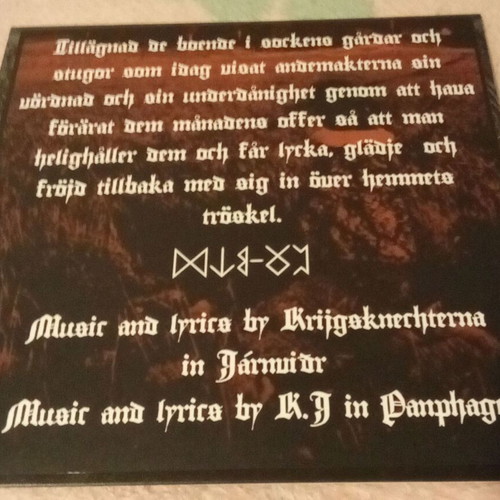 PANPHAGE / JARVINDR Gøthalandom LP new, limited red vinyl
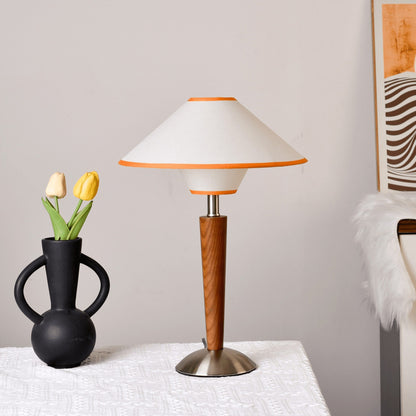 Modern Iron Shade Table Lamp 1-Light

■ ■ ■ ■ ■

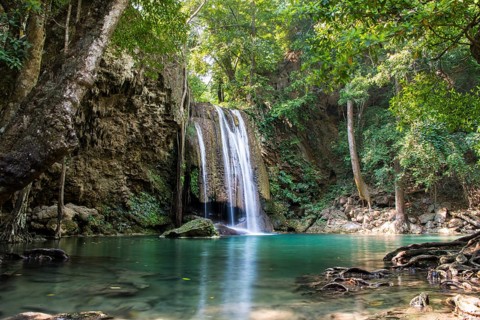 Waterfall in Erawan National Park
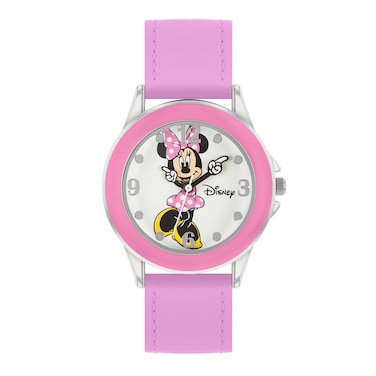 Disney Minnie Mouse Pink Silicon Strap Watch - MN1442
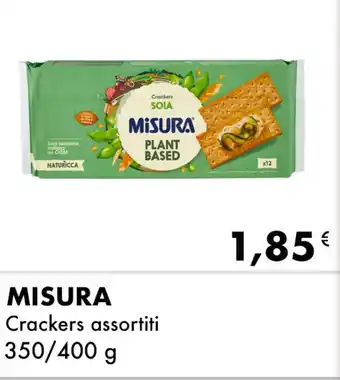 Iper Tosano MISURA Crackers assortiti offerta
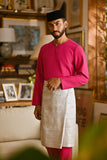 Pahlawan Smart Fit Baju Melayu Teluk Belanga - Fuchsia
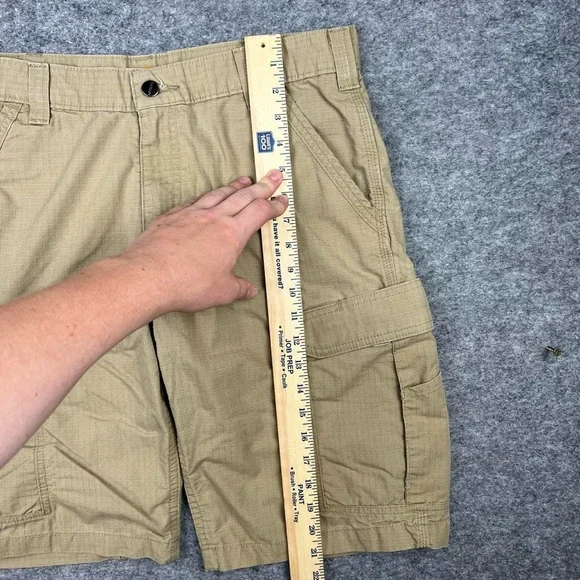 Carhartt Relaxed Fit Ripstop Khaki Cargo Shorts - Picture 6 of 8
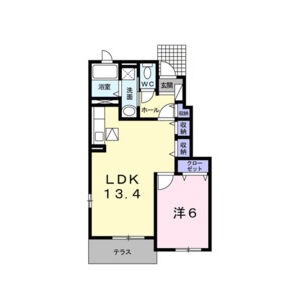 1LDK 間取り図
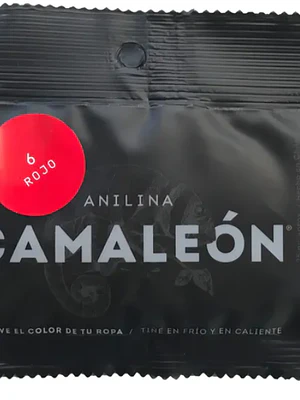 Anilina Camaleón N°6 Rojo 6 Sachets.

■ ■ ■ ■ ■

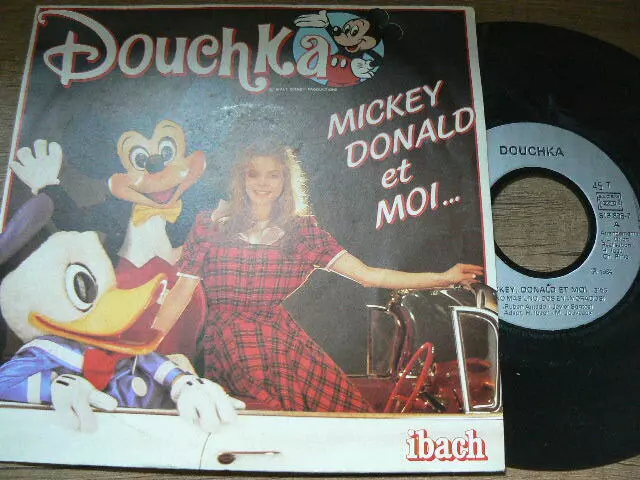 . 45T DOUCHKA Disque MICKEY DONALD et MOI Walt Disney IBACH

■ ■ ■ ■ ■

In the listing above, find the line with "Disney Minnie Mouse" and the line with "Anilina Camaleón N°6 Rojo 6 Sachets.". Copy exactly those two and every line between, without the pictures.

 Disney Minnie Mouse Pink Silicon Strap Watch - MN1442
 Iper Tosano MISURA Crackers assortiti offerta
 Pahlawan Smart Fit Baju Melayu Teluk Belanga - Fuchsia
 Carhartt Relaxed Fit Ripstop Khaki Cargo Shorts - Picture 6 of 8
 1LDK 間取り図
 Anilina Camaleón N°6 Rojo 6 Sachets.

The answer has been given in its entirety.